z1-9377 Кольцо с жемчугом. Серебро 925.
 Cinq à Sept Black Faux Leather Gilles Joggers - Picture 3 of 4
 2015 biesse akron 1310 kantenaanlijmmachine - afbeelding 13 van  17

+ + +

Problem requirements - The whole listing above is to be copied exactly.

Completed task -
z1-9377 Кольцо с жемчугом. Серебро 925.
 Cinq à Sept Black Faux Leather Gilles Joggers - Picture 3 of 4
 2015 biesse akron 1310 kantenaanlijmmachine - afbeelding 13 van  17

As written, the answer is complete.